Captioned web image data
● ● ● ● ●

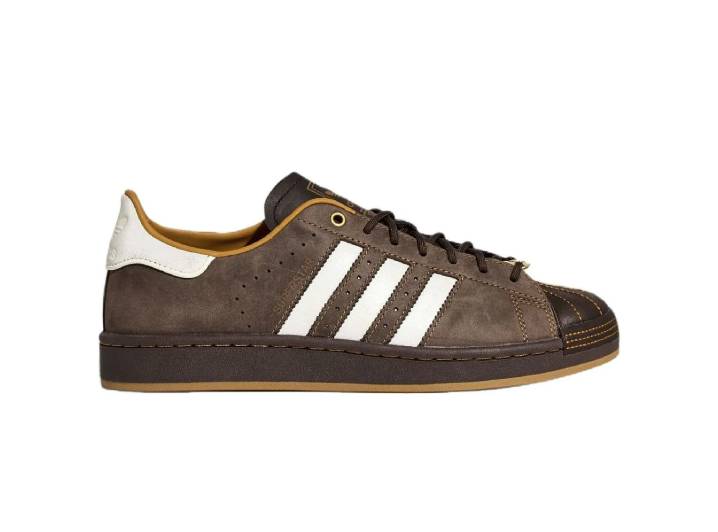 Adidas Originals Superstar 2 sneakers made of genuine leather, unisex, dark brown. — изображение 4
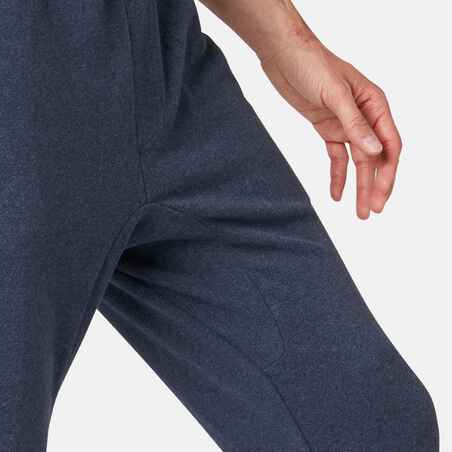 Men's Skinny Cotton-Rich Jogging Fitness Bottoms 500 - Blue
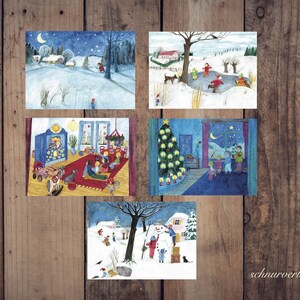 Postales de invierno en un SET - ilustraciones de E.M. Ott Heidmann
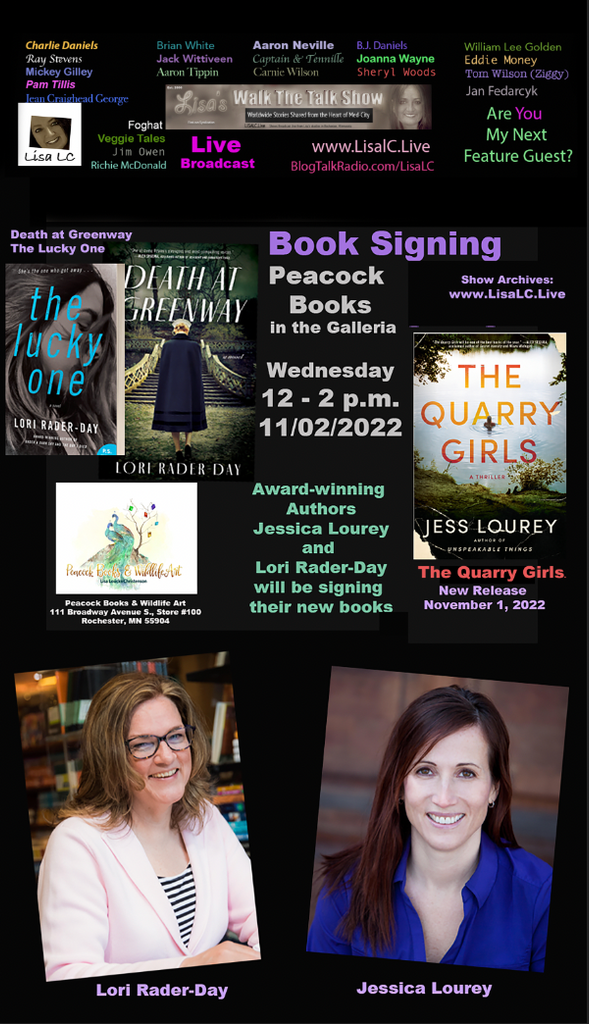 Book Signing at Peacock Books & Wildlife Art 11/2/2022 from 12-2PM with Lori Rader-Day and Jess Lourey
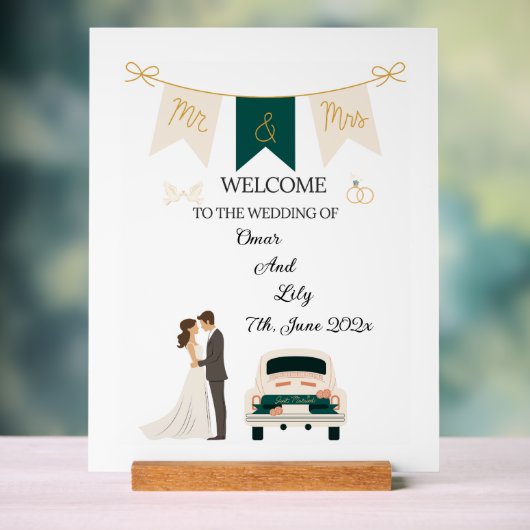 Elegante moderne bruiloft welkom acryl teken. acryl bord (Neutraal)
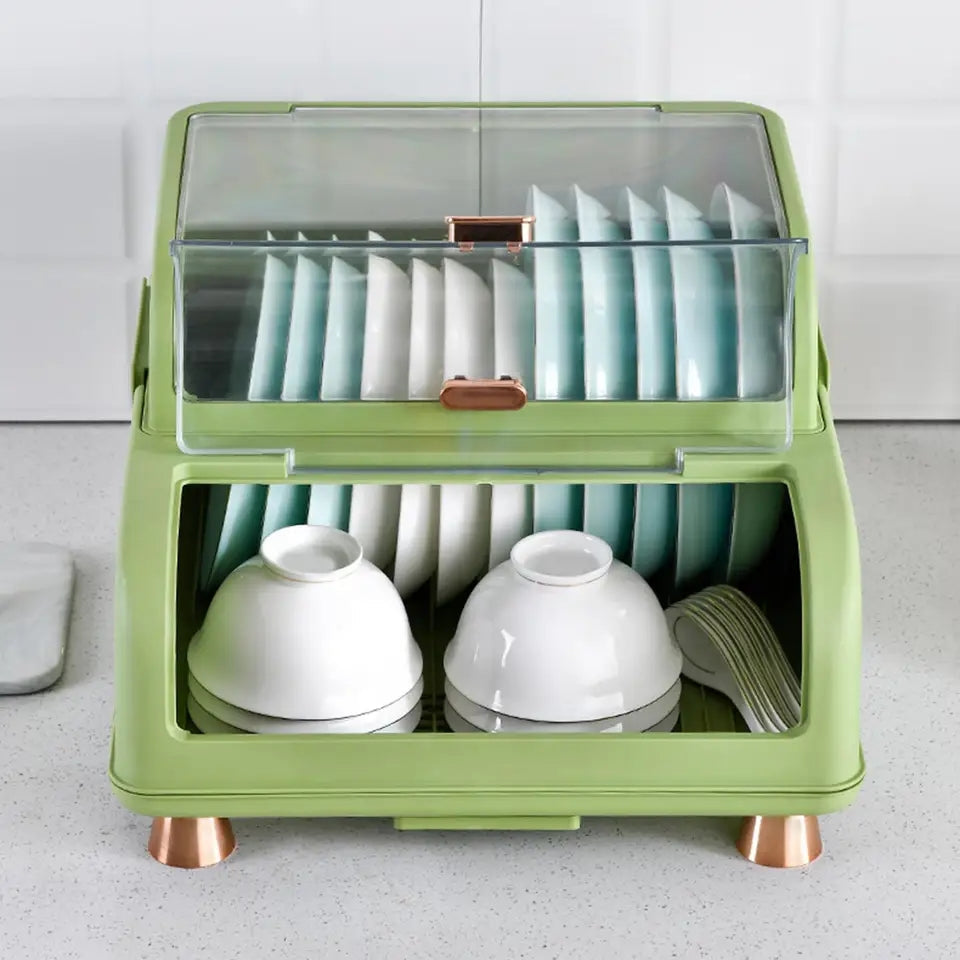 Double Layer Kitchen Dish Rack with Lid, Dustproof Dish Rack Organizer, Kitchen Dish Drying Rack, Multifunctional Storage Organizer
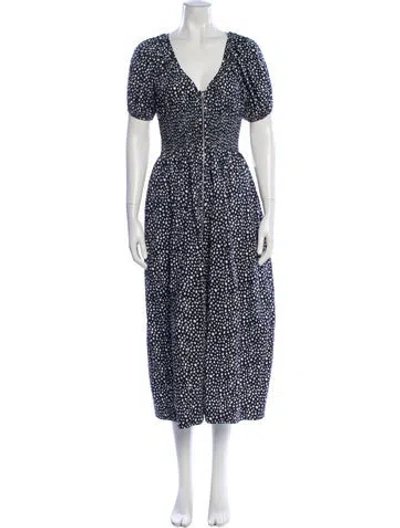 Pre-owned La Ligne Printed Long Dress In Blue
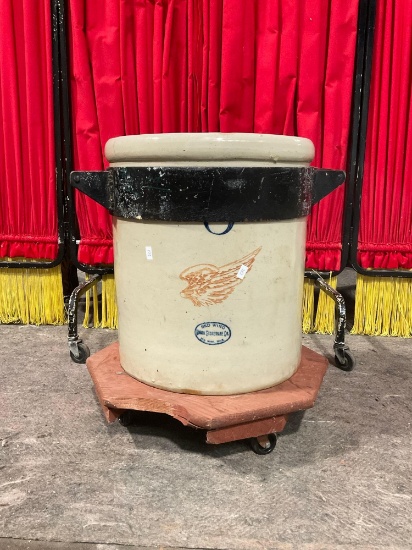 Antique Red Wing Union Stoneware Co. 8 Gallon Crock w/ Carrier & Wheeled Wooden Stand. See pics.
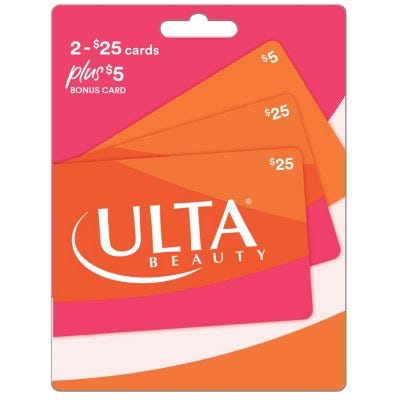Ulta Cosmetics $55 Value Gift Cards - 2 x $25 Plus $5 Bonus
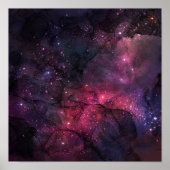 星空の星 銀河 星系 パターン ポスター (正面)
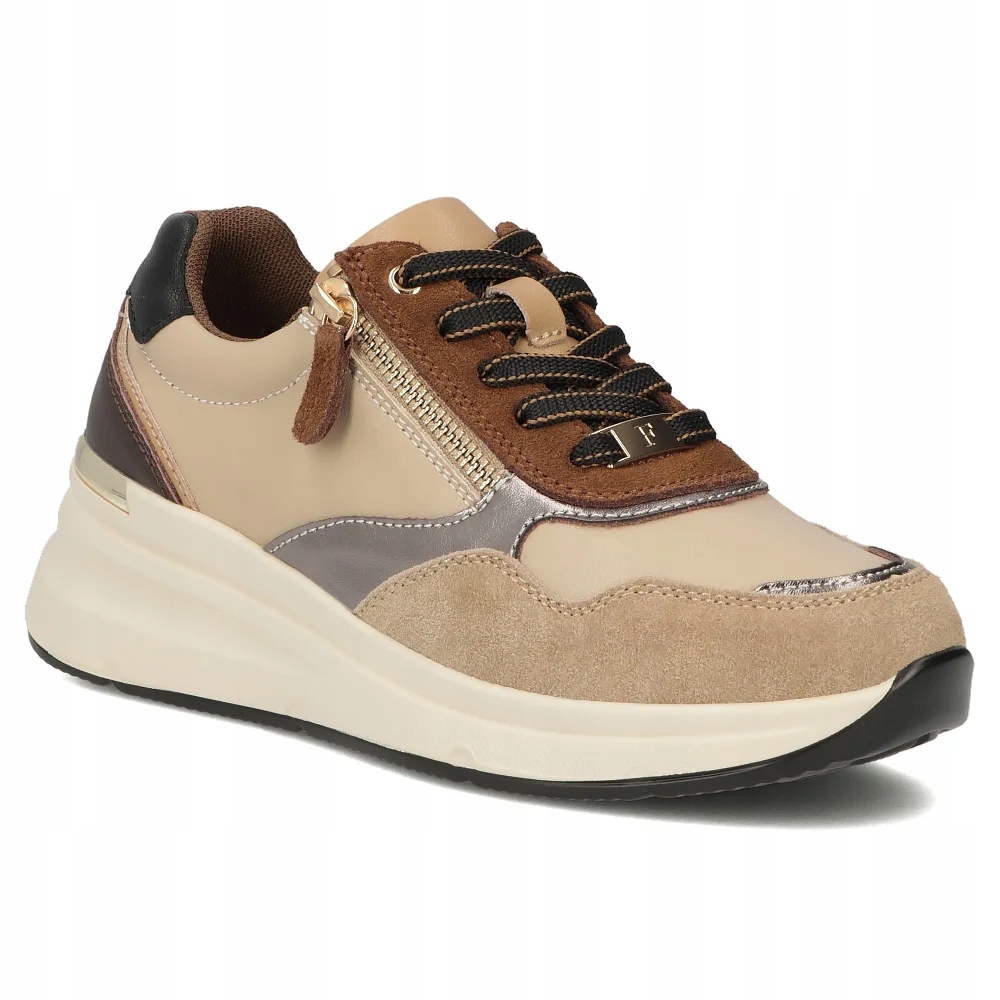 Filippo DP7105/25 Be Kožené tenisky dámské sportovní boty béžové vel. 40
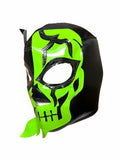 HALLOWEEN SKULL Halloween Lucha Libre Wrestling Mask (pro-fit) Black/Green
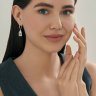 Серьги из серебра с горным хрусталем и фианитами (Арт.92023184)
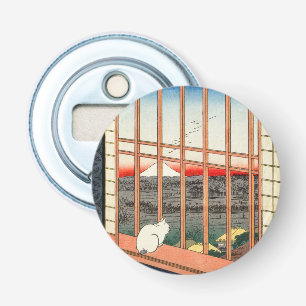 Utagawa Hiroshige - Asakusa Rijstvelden Button Flesopener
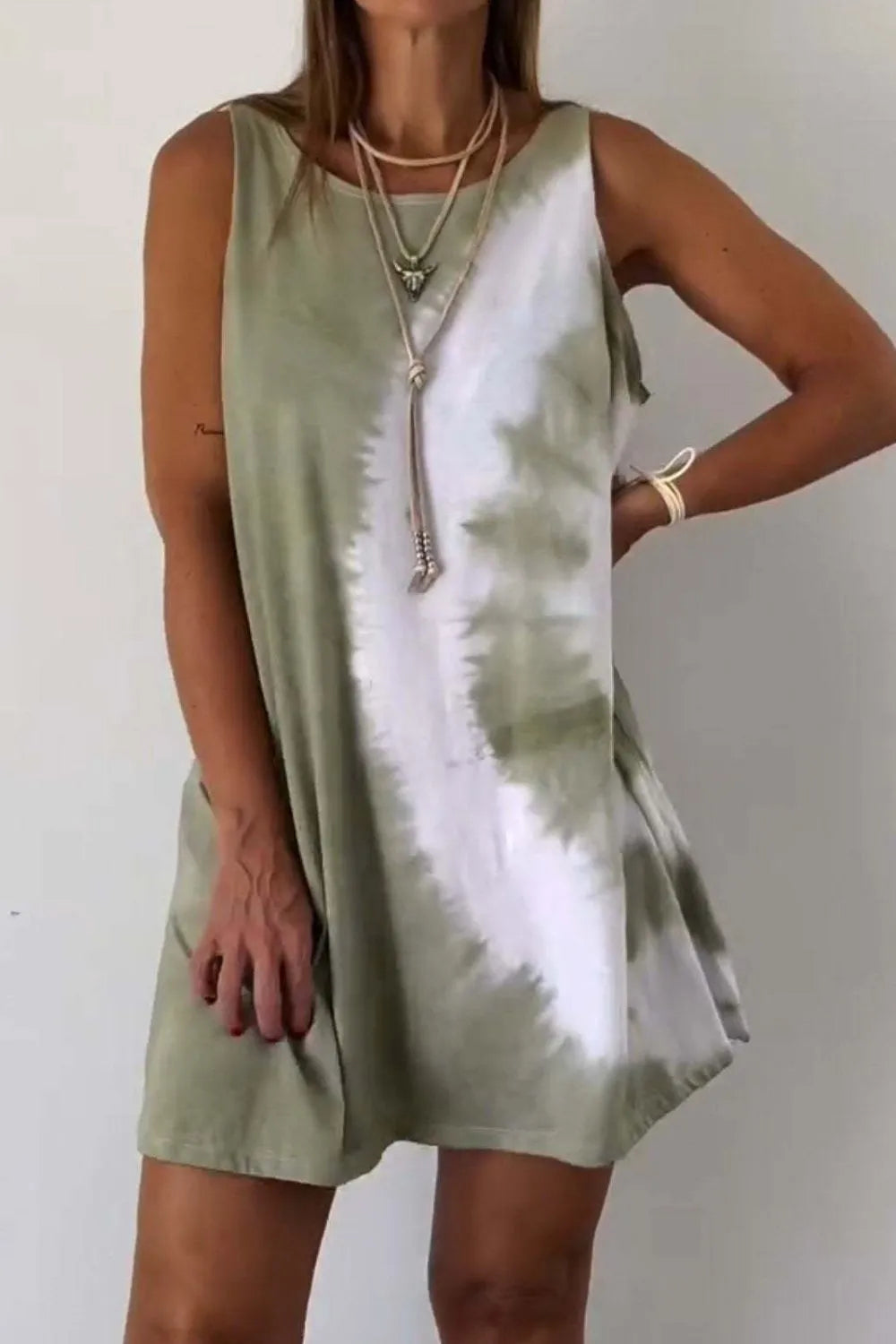 Full Size Tie-Dye Sleeveless Mini Tank Dress Plus Size - kinko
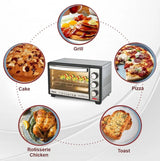 INALSA Oven OTG (24 Liters) Toaster Grill Oven 1600W with Motorised Rotisserie & Temperature Selection|6 Stage Heat Selection|Toaster Grill|Stainless-Steel Finish,(Silver),2Yr Warranty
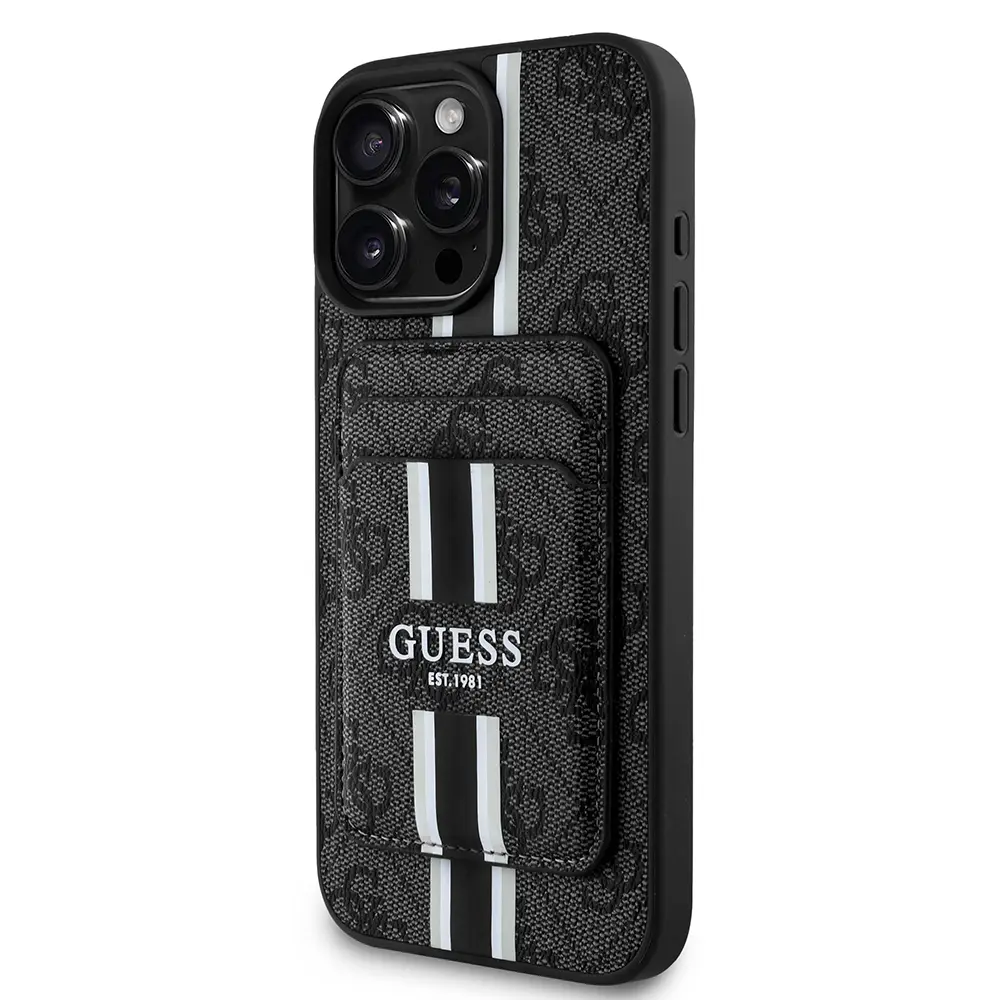 iPhone 15 Pro Max MagSafe Uyumlu Kartlıklı Kılıf - Guess 4G Çizgili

● ● ● ● ●

What the task asks
Which lines run from the one holding "INALSA Oven OTG" through the end of the records? Reproduce them word for word, both ends included, with no pictures.

Task result
 INALSA Oven OTG (24 Liters) Toaster Grill Oven 1600W with Motorised Rotisserie & Temperature Selection|6 Stage Heat Selection|Toaster Grill|Stainless-Steel Finish,(Silver),2Yr Warranty
 iPhone 15 Pro Max MagSafe Uyumlu Kartlıklı Kılıf - Guess 4G Çizgili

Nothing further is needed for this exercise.